The digital maps provided a spatial representation of the identifiable hotspots for electricity uses in high-occupancy/density areas and for district heating needs in districts with buildings mostly constructed before 1980. Visualizing the energy use across the city also showed that there was some apparent correlation in the electricity use and heating demand hotspot locations, as, for example, in the increase of electricity use and decrease of district heating in the periphery.
Further expanding the temporal scale from yearly to monthly values made it possible to study the electricity use and the district heating pattern in relation to the changes of the seasons and temperatures over the year. As expected, heating demand was increasingly relational to the decrease of temperatures, as was the electricity demand, although at a lower intensity.

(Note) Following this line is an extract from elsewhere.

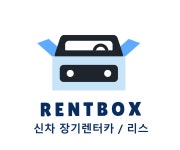 (주)대연네트웍스 2023년 재무정보 | 매출액 21억 197만원 영업이익, 자본금, 공시정보 등 - 사람인 (주)대연네트웍스 2023년 재무정보...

The approach to generating the information map for the spatial–temporal energy demand was finally concluded with the three datasets including spatial information from Lantmäteriet, geocoded addresses and temporal energy demand. This method also expanded the potential to integrate energy information into city information models at a 3D level through parallel data transformation of the three data files with the Feature Manipulation Engine tool. The overall result offers clear insights for the planning of urban energy infrastructure and distributions, as well as a potential contribution for local RES implementation.